Benchmark 2-year note yields traded at 0.224% in the immediate moments after the auction, while 10-year notes were modestly lower at 1.283%.

The sale marks the final benchmark auction ahead of a Friday speech from Federal Reserve Chairman Jerome Powell that could trigger changes to the central bank's near-term policy track, including the pace of its $120 billion in monthly bond purchases, as the economy continues to recover.

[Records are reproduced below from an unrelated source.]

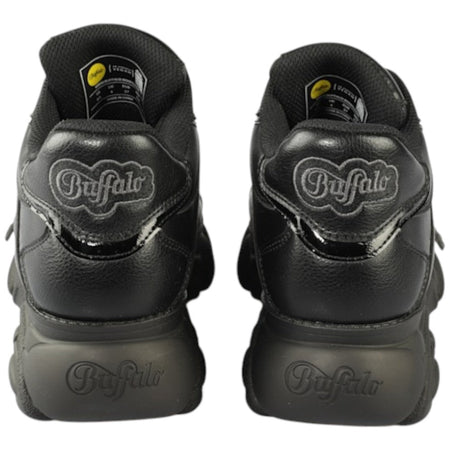 Buffalo sneakers nere scarpe CLD Echo vegan 1636212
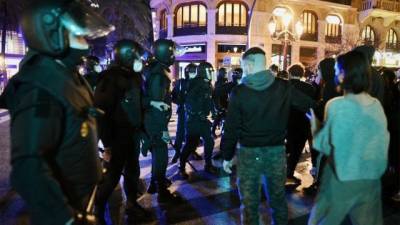 Акция в Мадриде переросла в беспорядки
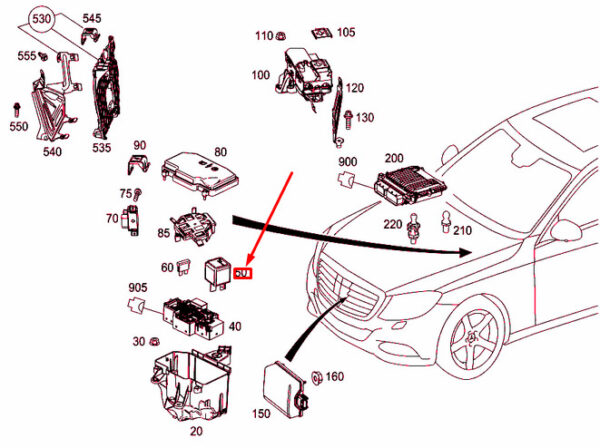 A0009822723 - Original Relay A0009822723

Recent data -- in concert with a surge in Delta-variant infections and a plateauing in coronavirus vaccination rates -- has indicated a modest slowdown in the second half recovery, with a surprise decline in June retail sales, cooling manufacturing activity and a pullback in the housing market.

Minutes of the last Fed meeting, published on August 18, indicated the central bank is looking to begin tapering its bond purchases before the end of the year, but showed that a majority of participants in the meeting noted that the current increase in Delta variant infections could restrain growth in the labor market and delay the full re-opening of the world's biggest economy.